Defendant, Boscov’s filed a Motion to Dismiss the claim, arguing that Zuber waived his rights to pursue further litigation against the company when he signed the Compromise and Release Agreement.  Boscov’s motion was granted by the District Court and the case was dismissed. The district Court’s reasoning for granting the motion to dismiss was the Judge’s finding that  plaintiff waived his FMLA claims against defendant by the execution of the C&R in his Workers’ Compensation matter. The Judge found that the release in this case contains broad, all-encompassing language and  that the placement of (the)…“broad, all-encompassing” language,  makes the release agreement even stronger…”  and would therefore  allow for the termination of plaintiff’s claims.

On September 11, 2017, the U.S. Court of Appeals for the 3rd Circuit overturned the District Courts decision.  The Court reasoned that, unlike a general release that the parties would sign to resolve most other employment-related disputes, the C&R was a limited contract that only covered the employee’s “alleged work injury claim and its sequela.”    The Court found that language of the agreement which states, that it is a final resolution  of the work injury claim and its sequela doesn’t necessarily disallow an FMLA claim.

The Court explained that “sequela” a singular noun, means “a suit”.  As a result, the sentence in the C & R Agreement only prohibits Zuber from bringing an additional work injury claim such as a worker’s compensation claim or tort.  The Judge rejected  Defendant’s argument that sequela means not just a single suit , but all claims arising out of the injury.

The court stated:

“Because of the C&R’s ordinary meaning and structure, we hold that the  C & R is unambiguously a specific and and limited release rather than a general release.”
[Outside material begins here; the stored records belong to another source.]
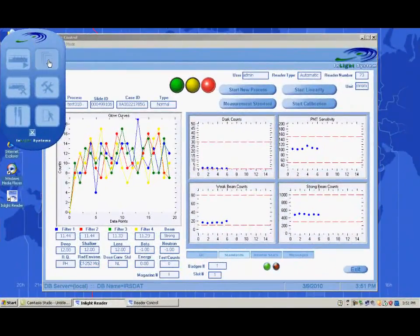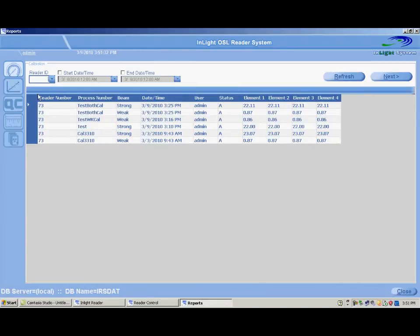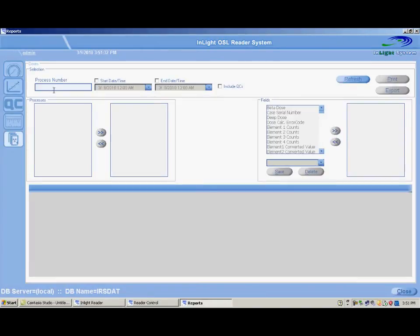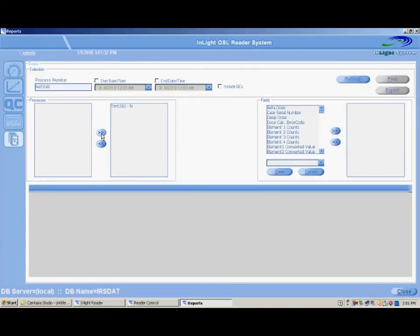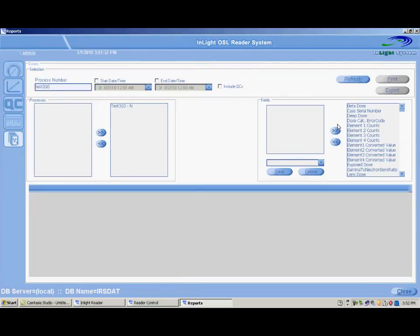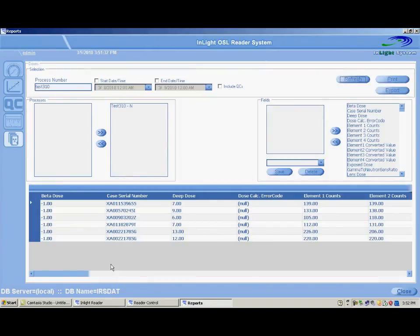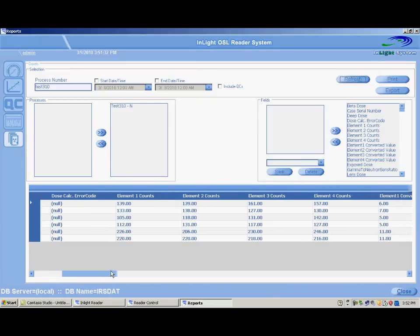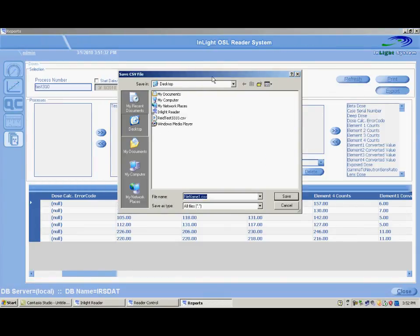You can view and export the dose data by clicking the Reports button on the menu screen and selecting Dose Reports. You can either type the name of the process you wish to view or choose a date range and select the report from the list. Click the Refresh button to see the report names. Select the report and then click the Move button to move the report to the selection area. Multiple reports can be chosen and added to the selection area. Select the fields to be displayed by highlighting and then clicking the Move button; multiple fields can be selected using the Shift or Control keys. Click the Refresh button to generate the report. The report can be exported to a CSV file by clicking the Export button, then choosing the location to save the report.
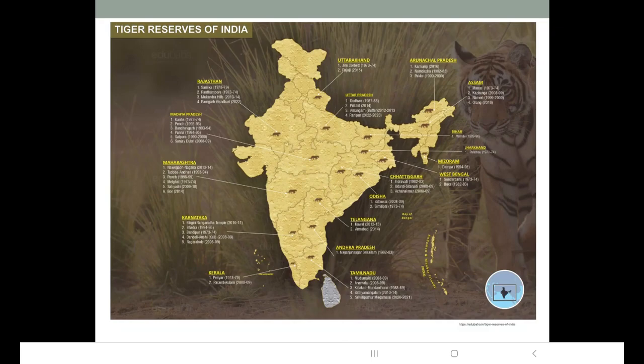This is a map showing tiger reserves of India. In Rajasthan there is Sariska, Ranthambore, Mukundra Hills, and Ramagar. In Maharashtra we have Tadoba, Pench, Melghat, Navegaon, and Nagzira. Then Sahyadri.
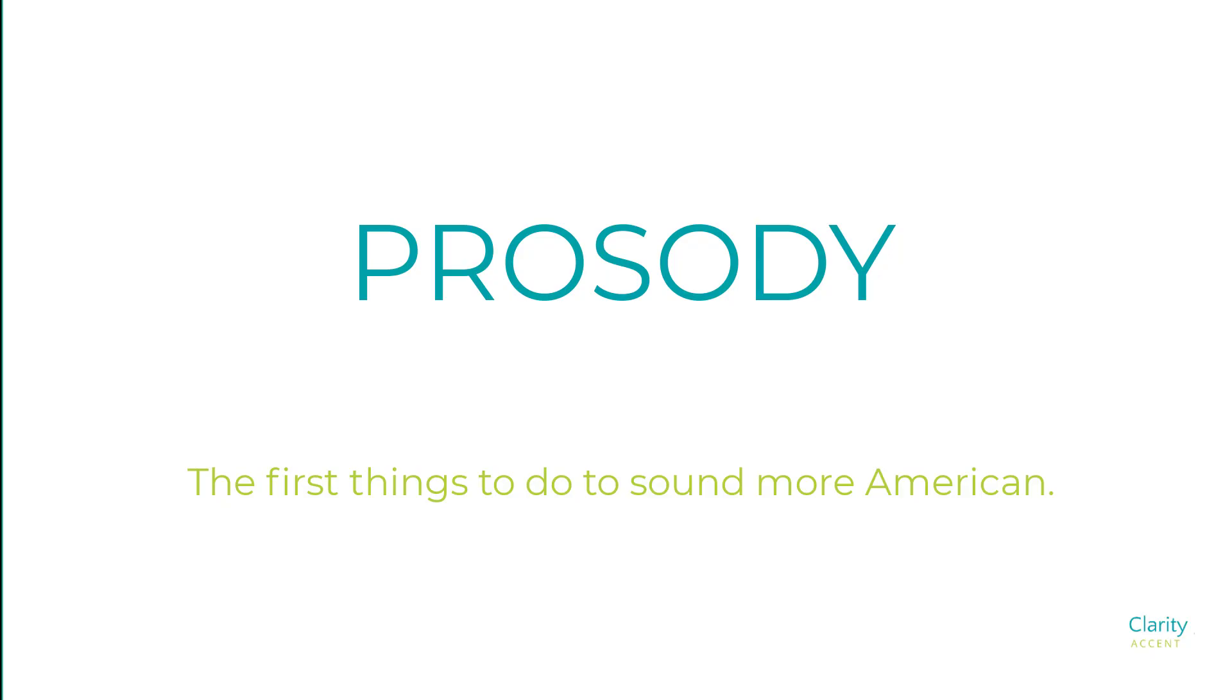Okay, today I'm going to talk about prosody. Prosody is how fast you speak, the rhythm of your speech, the pitch, the high or low pitch of your speech.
The Court found that when Zuber signed the C & R he merely released his right to bring future worker’s compensation claims against Boscov’s.  The Court found that the C & R Agreement did not prohibit an FMLA claim.

When an employee sustains a work injury, an employee is entitled to worker’s compensation benefits.  That employee may also have claims against his employer for violations of laws intended to protect his employment, when injured on the job, specifically the FMLA.  An employer may attempt to resolve all claims the employee may have against an employee by entering into a Compromise and Release Agreement with that employee.  However, the U.S. Court of Appeals of the 3rd Circuit is telling us that a Compromise and Release Agreement with general language is not sufficient to prevent an employee from bringing an FMLA claim against the employer, unless it is clear within the Compromise and Release Agreement that both sides are agreeing to the release of future FMLA claims.  “Broad, all-encompassing” language within the Compromise and Release Agreement is not sufficient to prevent the employee from bringing an FMLA claim.

If you have entered into a Compromise and Release Agreement which does not have specific language preventing future FMLA or other labor claims, the right to bring these labor claims will, most likely, still exist.  Should you have questions regarding these issues, be sure to seek a labor attorney familiar with worker’s compensation and labor law.